Captioned web images
== == ==
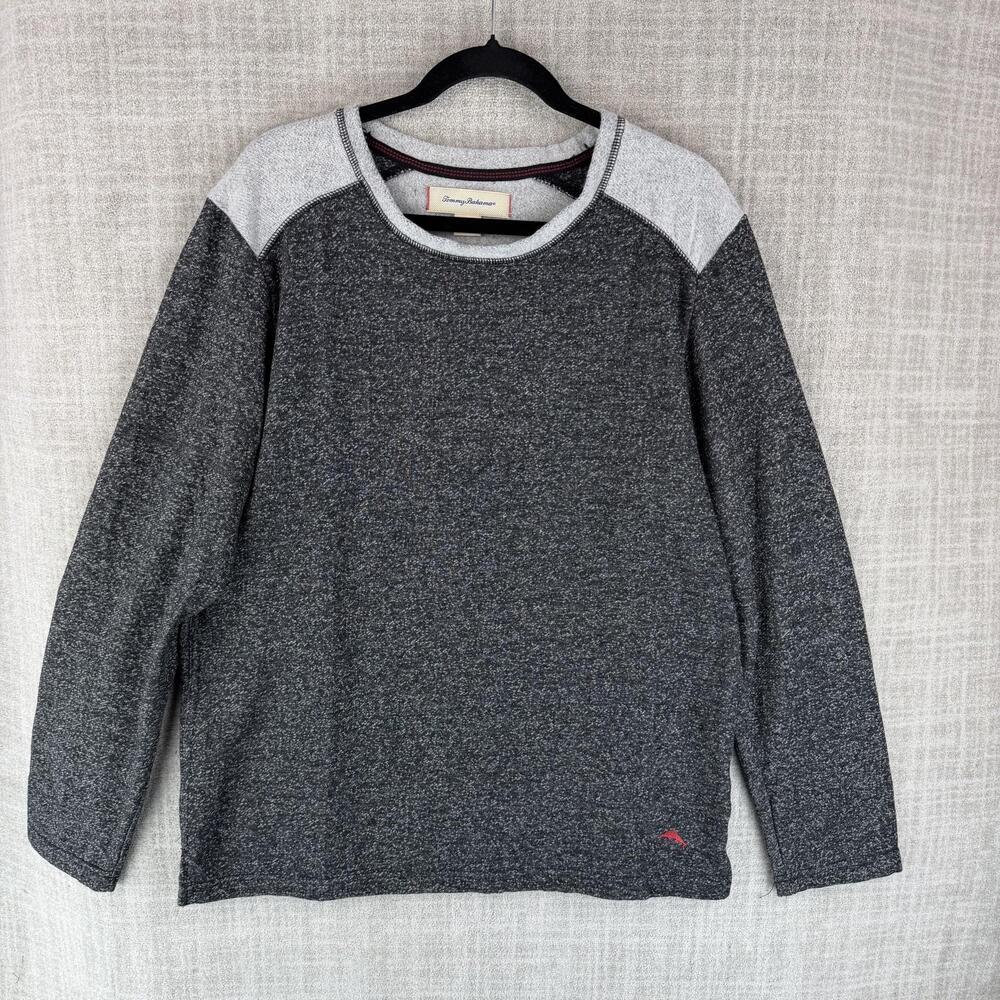 Tommy Bahama Jacket Mens L Gray Fleece Pullover Crewneck Colorblock Logo Soft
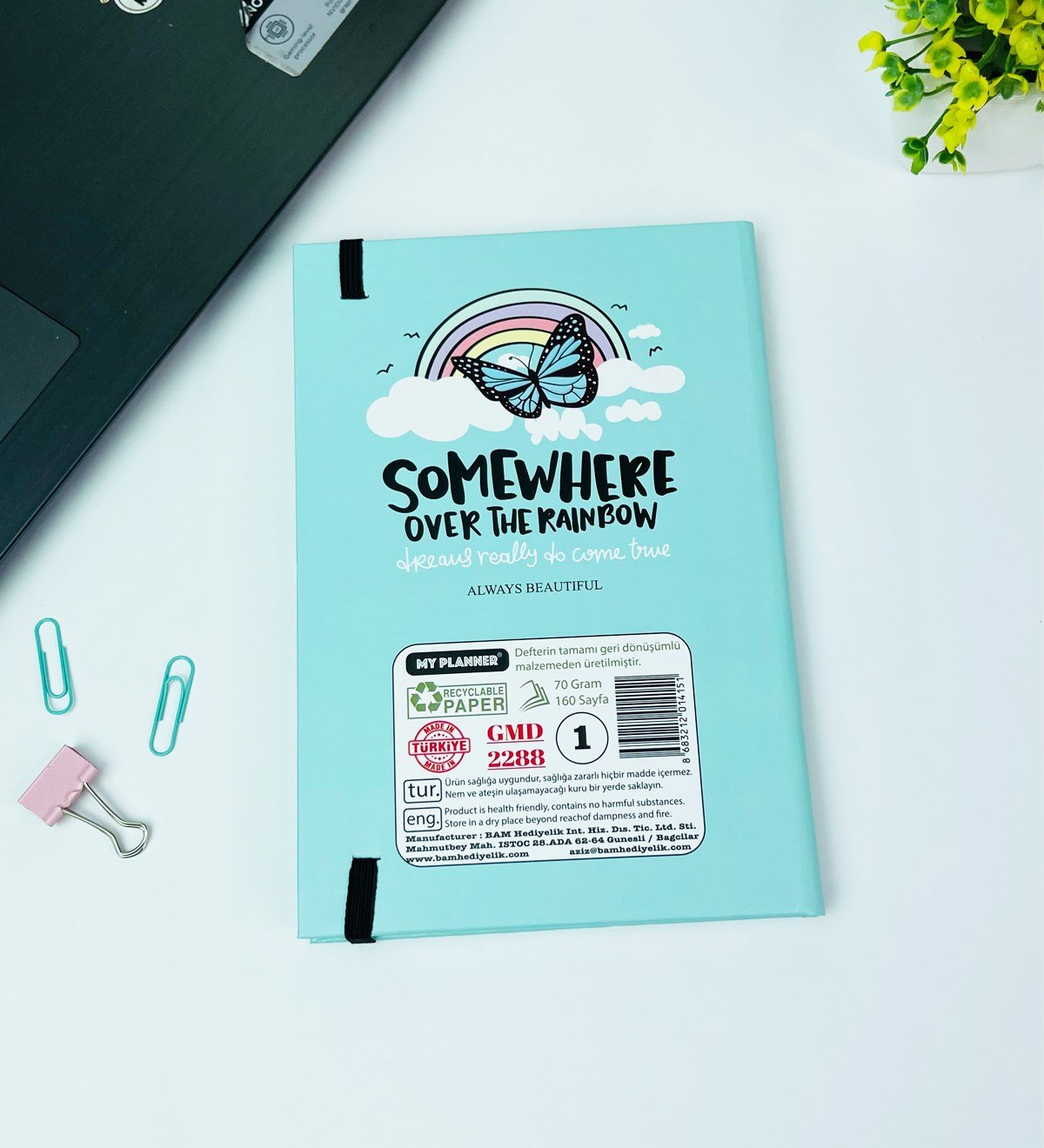 Gökkuşağı Kelebek Tasarımlı Lastikli DeftergiftmodaGmd100442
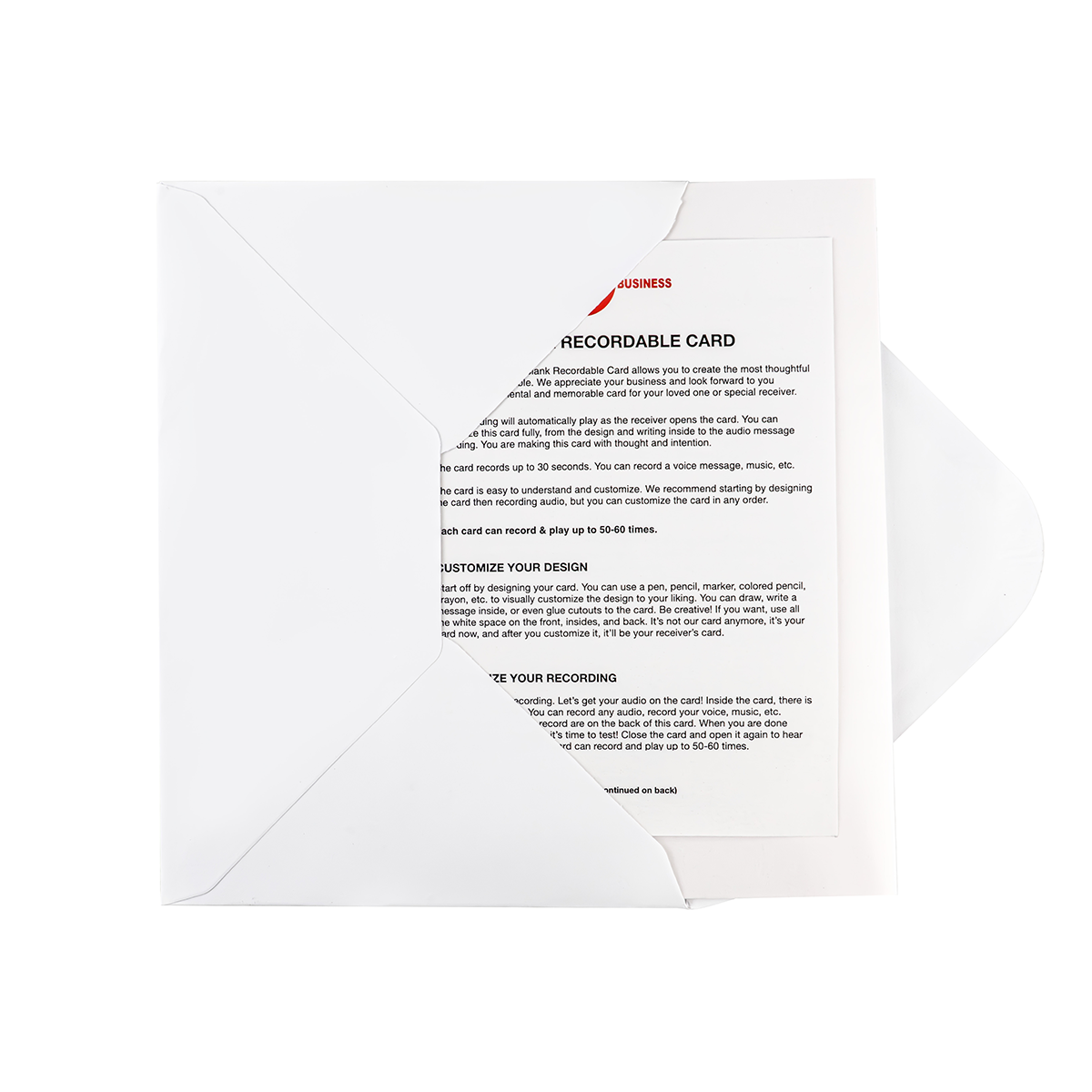 Blank Recordable Card with Envelope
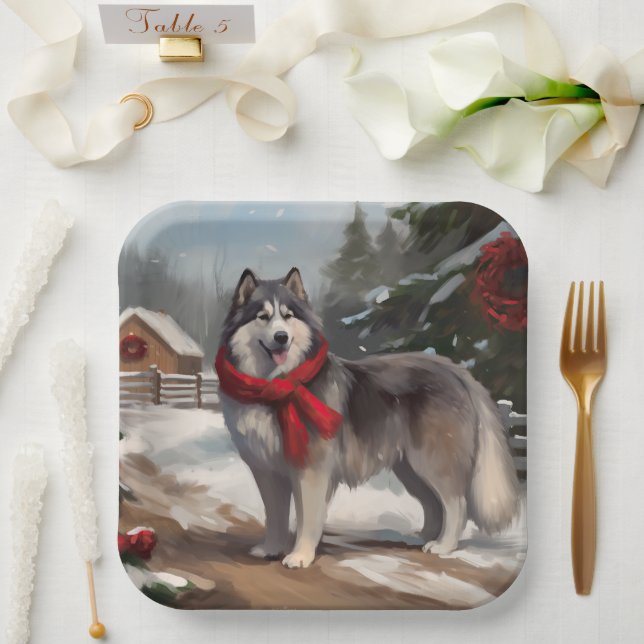 Assiettes En Carton Chien malamué de l'Alaska en Noël de neige (Mariage)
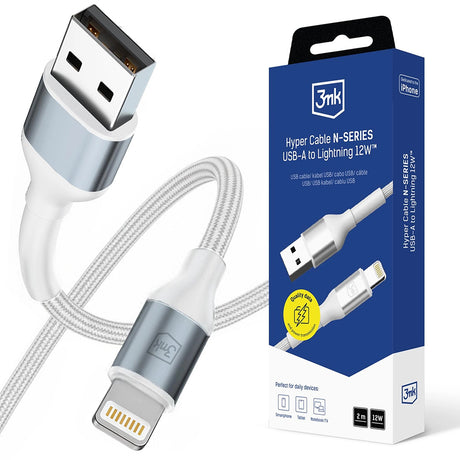 Cablu 3mk Hyper N-Series, USB to Lightning, 12W, 5V/2.4A, 2m, Alb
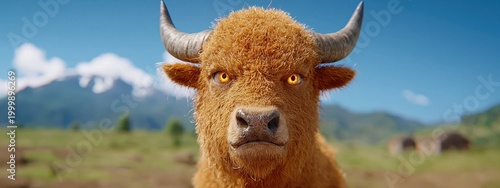 Majestic Brown Bull with Glowing Orange Eyes Standing Firm in Green Field Before Mountain Range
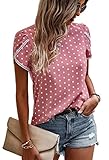 Angashion Women's Tops Casual Floral Print Lace Crochet Short Sleeve Crewneck Summer Loose Blouse Shirt Tunic Top Pink White M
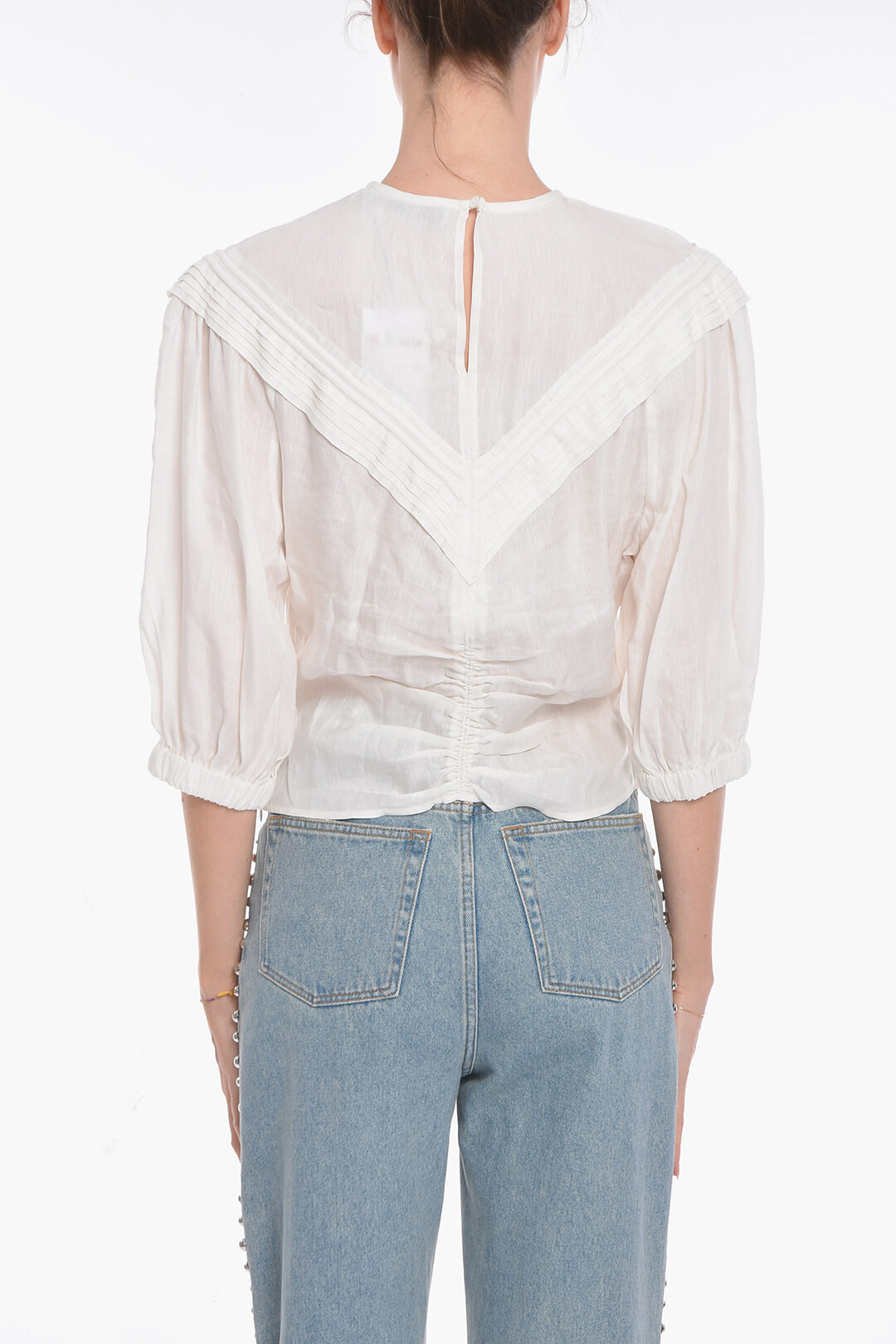 Linen Blend BUNGA Blouse with Pleats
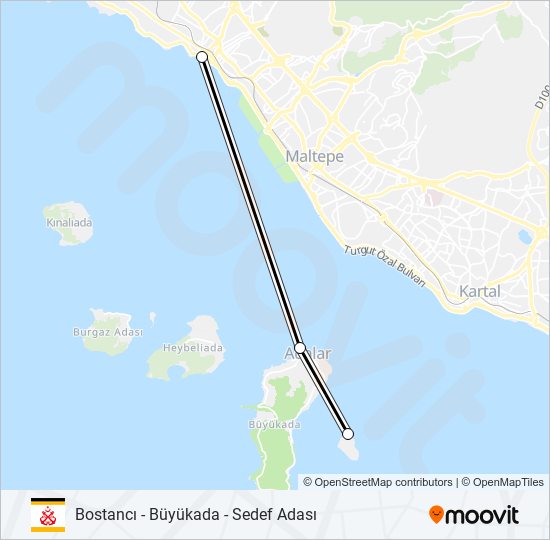Bostancı - Büyükada - Sedef Adası ferry Line Map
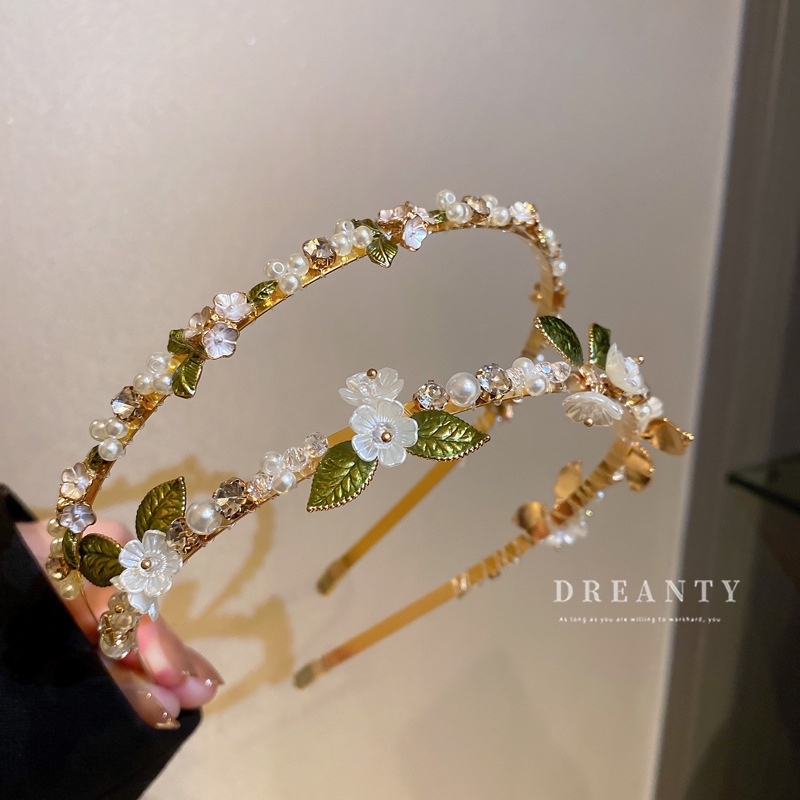 Băng Đô Cài Tóc Hình Hoa Lá Đính Ngọc Trai Phong Cách Mori Hàn Quốc Sang Trọng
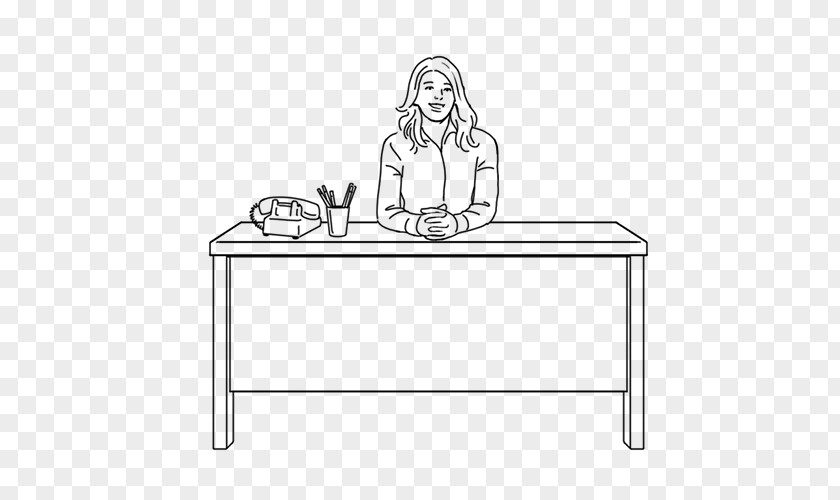 Desk Illustration Table Drawing Line Art Woman PNG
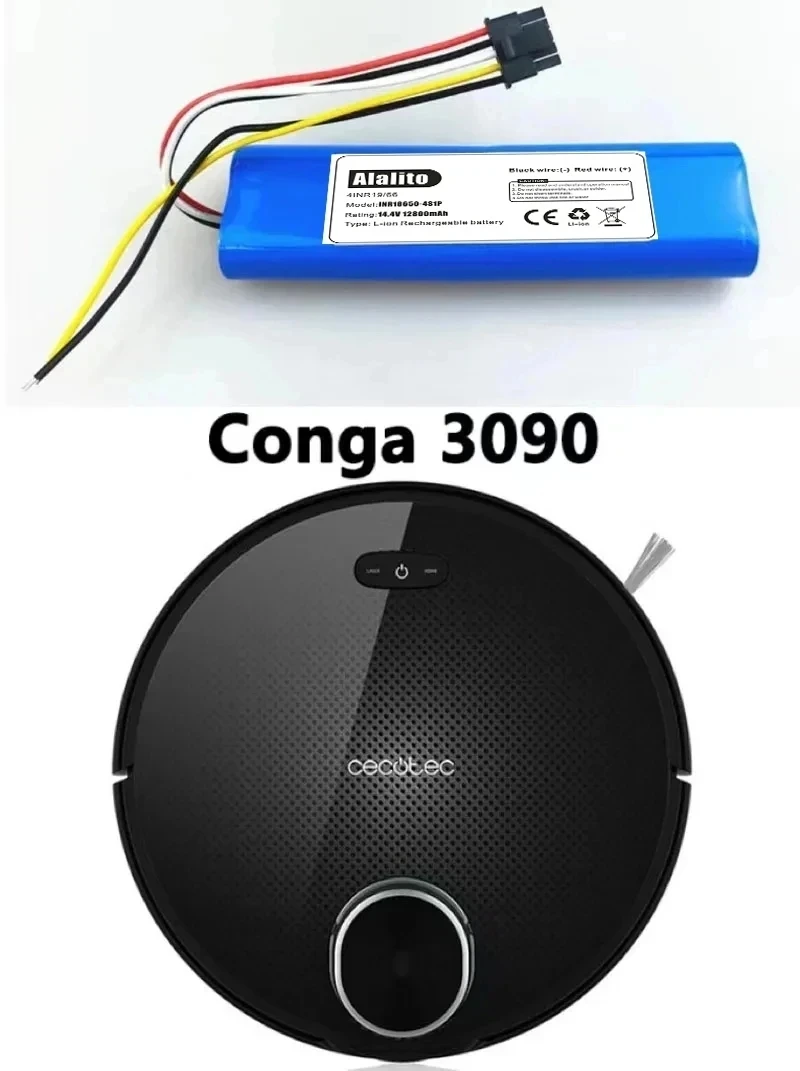 For CECOTEC CONGA 3090 3091 3092 1690 1890 2090 Robot Vacuum Cleaner Battery Pack Replacement Accessories 14.4 Volts 12800mAh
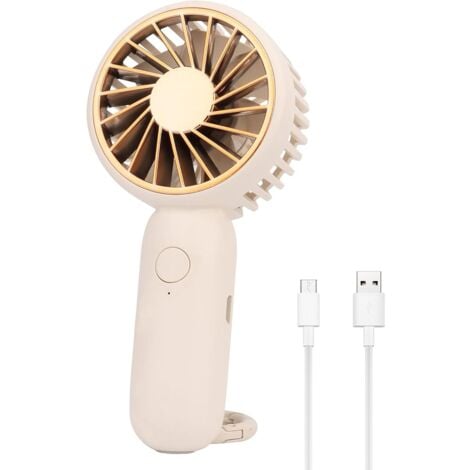 Ahlsen Mini Fan with Handbag, Portable USB Pocket Fan, Small Rechargeable Handheld Fan, 3 Speeds Adjustable Quiet Mini Fan for Camping, Office, Sports, Travel (White)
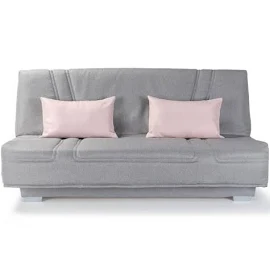 Comfort Bultex banquette clic Clac - tissu Gris + coussins Déco Rose - L193 x P9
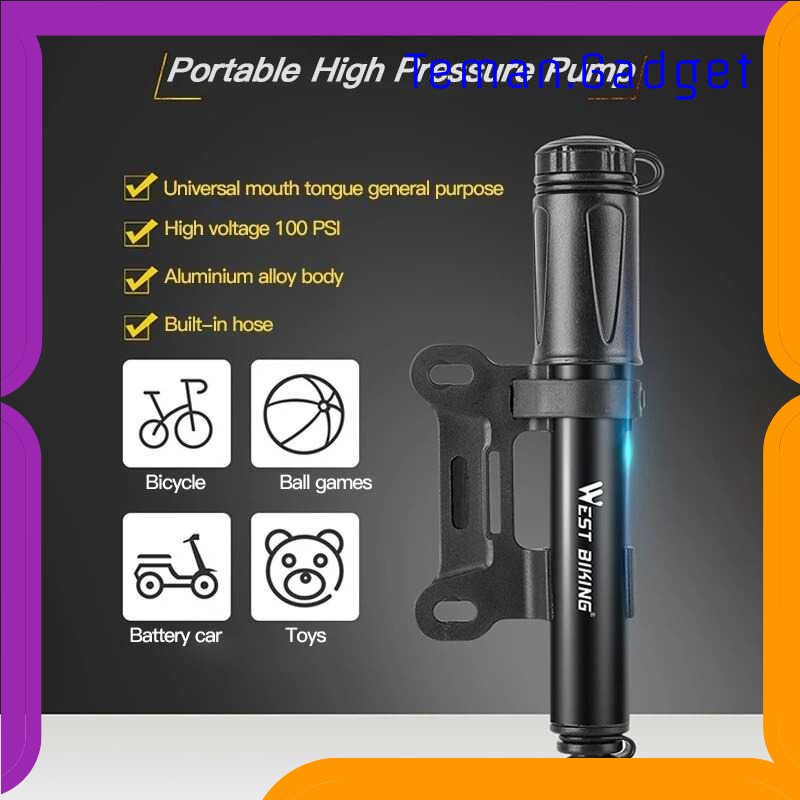 TG-SPD West Biking Pompa Manual Ban Sepeda Mini Bike Pump 100 PSI - A1-4-5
== == ==
Using the records above, print exactly the run of lines that starts with the line with "Assiettes En Carton" and goes on through the line with "Majestic Brown Bull", pictures excluded.

 Assiettes En Carton Chien malamué de l'Alaska en Noël de neige (Mariage)
 Cablu 3mk Hyper N-Series, USB to Lightning, 12W, 5V/2.4A, 2m, Alb
 Majestic Brown Bull with Glowing Orange Eyes Standing Firm in Green Field Before Mountain Range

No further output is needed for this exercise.